> Dataset excerpts
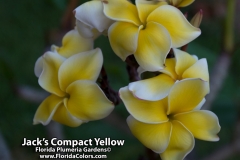 Jacks-Compact-Yellow_8751.jpg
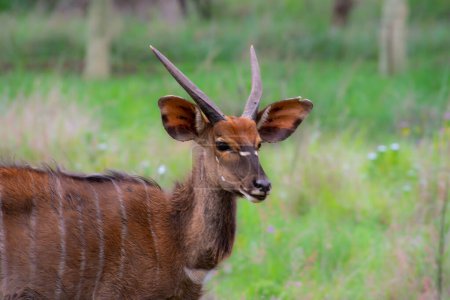 Téléchargez les photos : Joli spécimen d'antilope nyala en Afrique du Sud - en image libre de droit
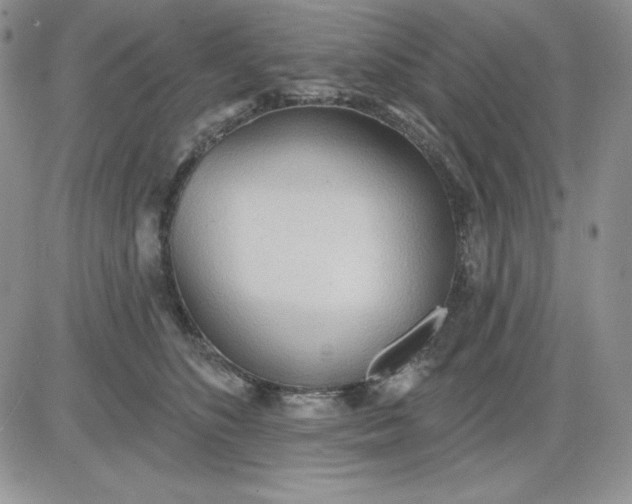 X0000081280516200701251631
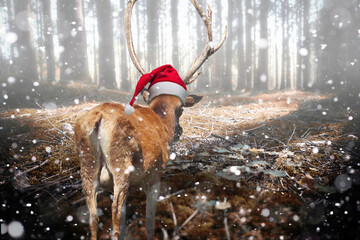 Hirsch mit Nikolausmütze bei Schneetreiben im Wald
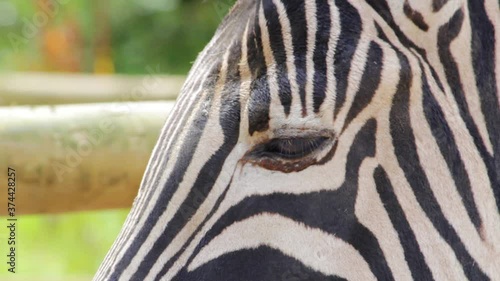 Plains zebra eyes closeup (Equus quagga, formerly Equus burchellii)in a wildlife park in Uk. Zebras are various species of African equids (horse family) united by their black-and-white striped coats.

> Assigned task
From the first line to the last, repeat the records exactly and skip the pictures.

> Finished exercise
 Jacks-Compact-Yellow_8751.jpg
 Téléchargez les photos : Joli spécimen d'antilope nyala en Afrique du Sud - en image libre de droit
 X0000081280516200701251631
 Hirsch mit Nikolausmütze bei Schneetreiben im Wald
 Plains zebra eyes closeup (Equus quagga, formerly Equus burchellii)in a wildlife park in Uk. Zebras are various species of African equids (horse family) united by their black-and-white striped coats.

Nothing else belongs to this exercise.